Quello che il Nicaragua ha in abbondanza è la corruzione che lo FSLN, il nucleo del sandinismo rivoluzionario, ha creato col tempo appropriandosi delle risorse dello Stato che sono ben presto finite nelle mani di pochi, primo fra tutti Ortega. Il risultato è che oggi il Nicaragua non ha un partito di governo né opposizione. Ci fu un momento, dopo il trionfo della rivoluzione, in cui le organizzazioni popolari e l’unione dei lavoratori rurali apparvero in grado di collaborare per la creazione di un sistema multipartitico. Ma il fronte sandinista non lo permise, per quanto nella fase successiva alla guerra con i Contra vennero adottate norme elettorali e principi istituzionali propri del liberalismo. Questo processo fu però controllato dalla leadership di Ortega che in pochi anni creò una leadership autocratica sottraendo ogni legittimità alla stessa Assemblea sandinista.
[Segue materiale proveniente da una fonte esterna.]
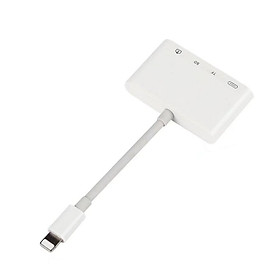 Bộ Chuyển Đổi Cổng Lightning Sang TF/SD/USB 3.0/Lightning 4 Trong 1 (11.8cm)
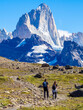 View of Fitz Roy from Loma del Pliegue Tumbado hike in Patagonia, El Chalten area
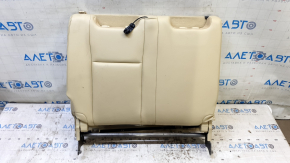 Spătar banchetă spate, rândul 3, dreapta, Toyota Highlander 14-19, piele bej, gata de curățat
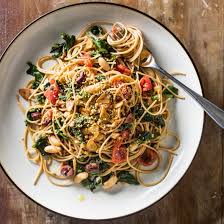 Vegan Whole Wheat Spaghetti With Greens Beans And Tomatoes America S Test Kitchen Recipe In 2020 Whole Wheat Spaghetti Veggie Dishes Cookbook Recipes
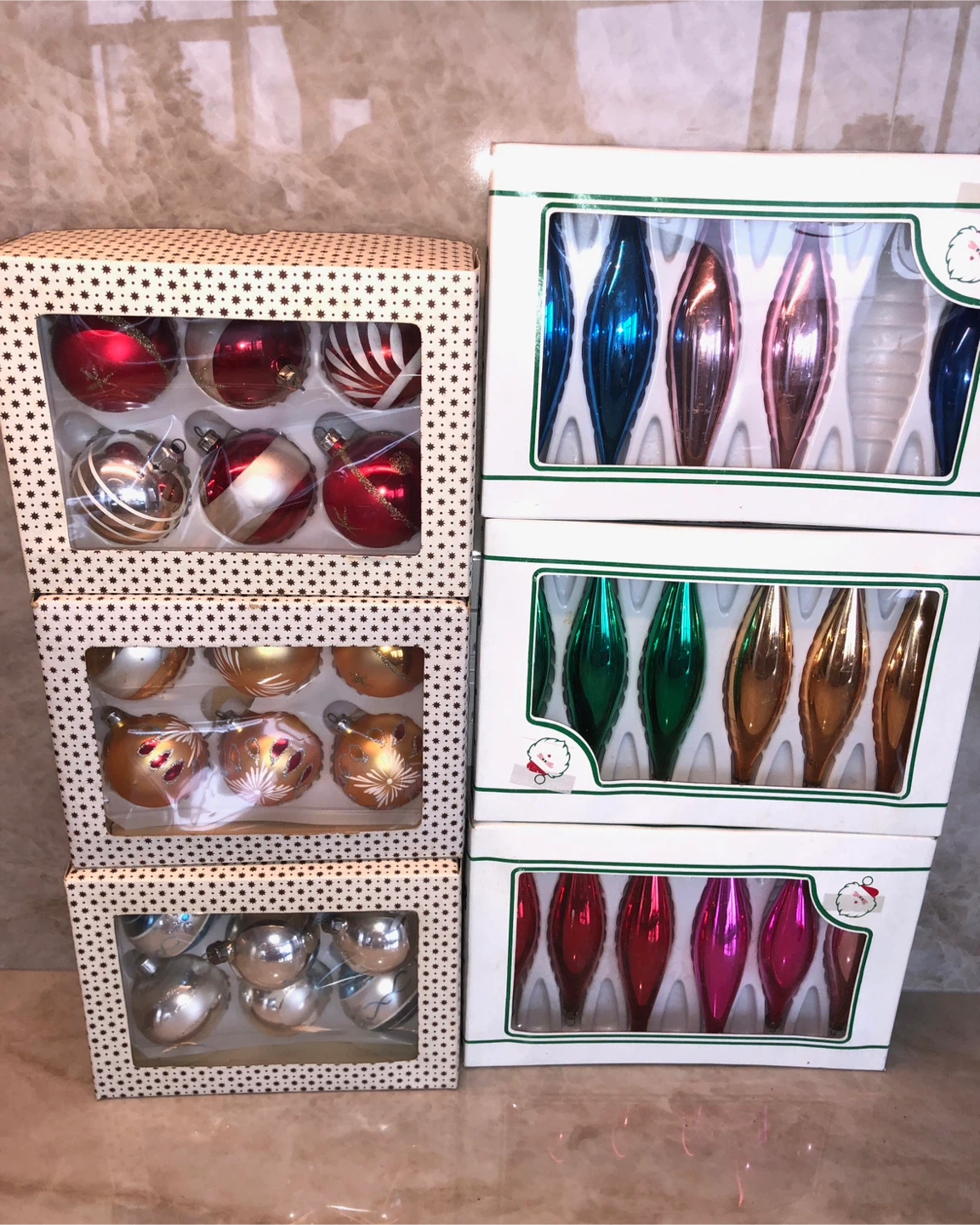 35 Vintage Glass Christmas Ornaments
Paradossalmente, l’adozione di pratiche democratiche sul modello occidentale finì col rendere il Paese meno democratico. Oggi, una massa di convinti sandinisti è ammutolita dinanzi alla minaccia di ritorsioni ed al timore di perdere quel che la rivoluzione aveva portato a molti di essi. È stato detto che il sandinismo tentasse di trovare una “terza via” tra capitalismo e socialismo. Come in altri luoghi, quello della “terza via” è però uno scenario irrealizzabile. L’ironia politica del Nicaragua post-rivoluzionario è che Ortega ha consolidato la sua posizione attraverso un’intesa con il nemico di un tempo, i Contra, con la chiesa cattolica e con l’aristocrazia del business capitalista.

Oggi la popolazione del Nicaragua non è più oppressa dalla dinastia Somoza, gli americani hanno scarso interesse nel Paese e tre quarti dei posti di lavoro sono nell’economia informale. Di conseguenza l’economia ha registrato una discreta crescita,  ma la mancanza di riforme, il predominio delle imprese statali e la perdita dell’assistenza del regime chavista del Venezuela rendono problematica la prospettiva di sviluppo economico e sociale del Nicaragua.

Il piano escogitato dal governo sandinista per sollevare gli umori della nazione depressa dalla autocrazia di Ortega e compagni è  quello di realizzare un canale tra i due oceani, finanziato dai cinesi. Ma i nicaraguensi sono i primi a non crederci. A parte il fatto che il progetto comporterebbe un disastro ecologico di vasta portata, il costo spropositato dell’opera e le resistenze politiche interne ed esterne escludono che verrà mai a compimento. Le comunità indigene che vennero trasferite con la forza dalla costa atlantica non hanno dimenticato. Nel 1987 la costa ha ricevuto una certa autonomia ma gli indigeni non hanno mai ricevuto l’accesso alle risorse che era stato loro promesso.

La popolazione del Nicaragua non è più oppressa dalla dinastia Somoza, gli americani hanno scarso interesse nel Paese e tre quarti dei posti di lavoro sono nell’economia informale. Il sandinismo è un mito nato dal sacrificio di un leader eccezionale, Augusto Sandino, e dalla cruenta lotta per l’indipendenza che in un particolare momento storico ebbe ragione anche di un mercenario americano, William Walker, sbarcato nel Nicaragua nel luglio 1855. Walker riuscì a farsi nominare Direttore Provvisorio del governo ma la conquista del completo potere gli sfuggì, fu sconfitto dalle forze nazionali finché venne catturato e fucilato nel 1860 nell’Honduras. Walker è solo un capitolo nella storia tragica di una nazione che per lungo tempo ha lottato per conseguire l’indipendenza politica ed economica respingendo le invasioni militari e il pesante interventismo degli Stati Uniti.

Oggi, gli Stati Uniti hanno rinunciato alla loro protratta presenza nel Nicaragua, la Russia comunista non esiste più e lo stesso fidelismo è fuori della scena. Chi la domina è un caudillo, fondatore di una dinastia che non mollerà facilmente a favore di una democrazia liberale.